Mike Dickerson, LVMPD’s assistant general counsel, explained, according to KLAS.
“We have to take a look at that and say, ‘Is this somebody who our electronic supervision program can monitor safely in the community?'” Dickerson said, calling it “an issue of public safety.”
Moreover, the department considered the safety of its officers as imperiled by the judge’s order. After all, during a 2020 arrest the defendant fled from officers while wielding a gun, KLAS reported.
On Feb. 5, however, Goodman, with the characteristic haughtiness of a robed rogue, threatened the department with sanctions for contempt of court.
Now, presumably, the Nevada Supreme Court will decide whether, under state law, the judge or Clark County Sheriff Kevin McMahill has final say over the defendant’s fitness for electronic monitoring.
“We have a system that’s set up so people can get out of jail quickly, and sometimes, there just needs to be a little bit more thought given to it because lives are on the line,” Dickerson said, according to KLAS.

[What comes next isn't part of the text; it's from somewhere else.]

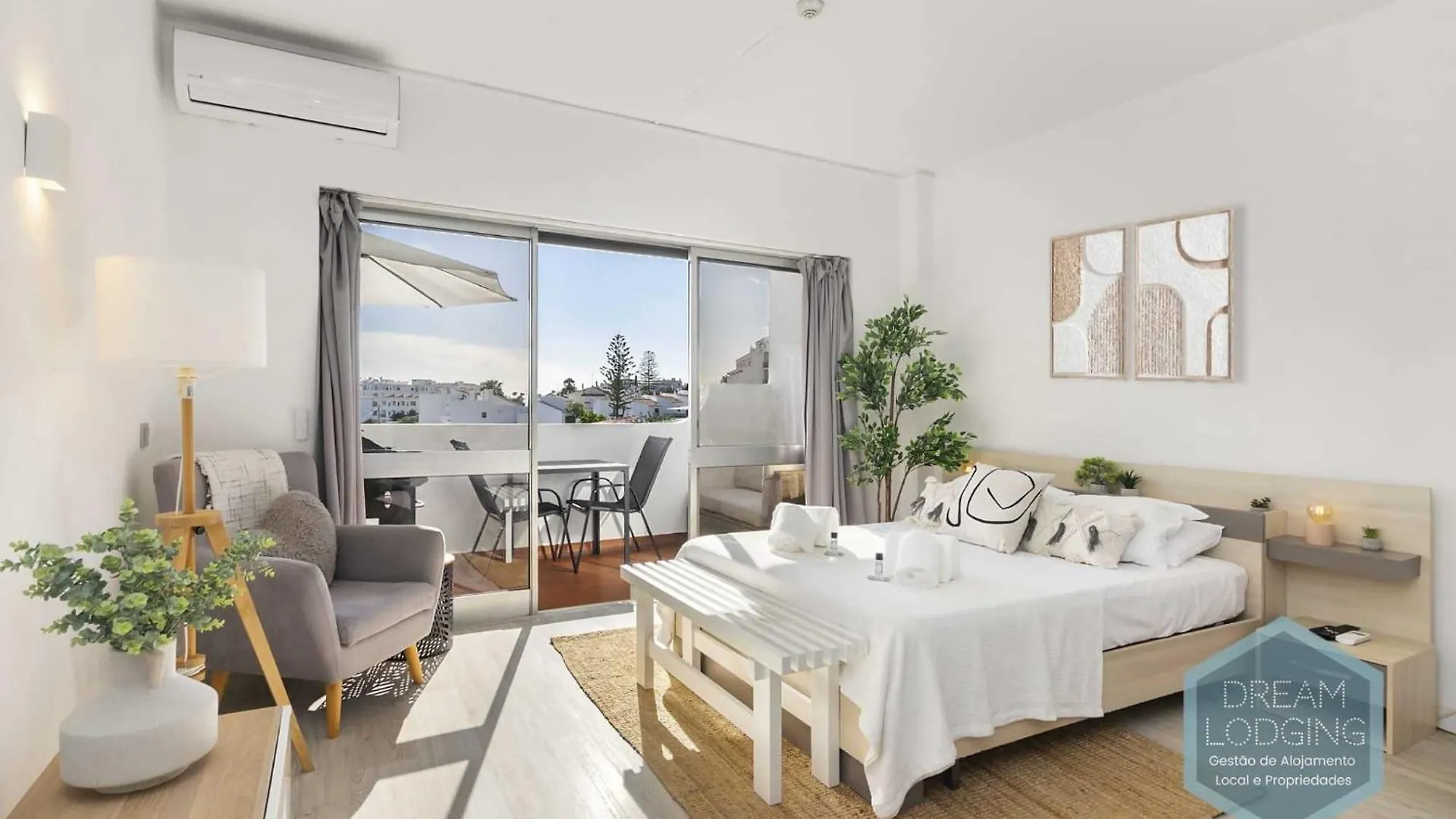 Apartment Moai Dream Lodging Albufeira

In a statement, LVMPD showed respect for judges’ authority in general while criticizing Goodman in particular.
“The Justice Court of the Las Vegas Township has the authority to release dangerous people into our community. However, the sheriff will not violate the law to assist those few judges who seek to use LVMPD’s electronic monitoring program in disregard of public safety and the safety of the dedicated LVMPD corrections officers who administer the electronic monitoring program,” the statement read in part.
By pretty much any measure, Judge Goodman is a product of a political dynasty. Not only did his father, Oscar Goodman, serve as mayor of Las Vegas from 1999 to 2011, the judge’s mother became mayor after that, serving until 2024.
According to a City of Las Vegas news release, it was “the only known instance of a spouse succeeding a spouse as mayor in the United States.”
When the Las Vegas Review-Journal reported Eric Goodman’s interest in running for a judge post in 2008, the story was headlined in a way that made the nepotism apparent: “Goodman’s son seeks court post.”
According to the newspaper, Goodman, as a practicing lawyer, once specialized in criminal defense.
The judge’s current term will end on Jan. 4, 2027, per Ballotpedia. A nonpartisan primary on June 9, followed by a general election on Nov. 3, will determine if he wins re-election.
One must hope that voters choose wisely. After all, judges who ignore sheriffs’ concerns and release career criminals back into the community require chastisement from the sovereign people.
Indeed, recent examples of soft-on-crime judges suggest a dangerous epidemic. In the last year alone, for instance, repeat offenders have slain innocent victims with shocking brazenness.
It raises the question: Must police act as law-abiding citizens’ first line of defense against rogue judges? Or, if that fails, must we do it ourselves?
The question itself amounts to a kind of slippery slope. But we must ask because, based on experience, we have no faith that judges will do right.
Above all, in a sane society the phenomenon of the career criminal would not exist. But since it does, members of a peaceful and law-abiding community have the right to live without such criminals in their midst.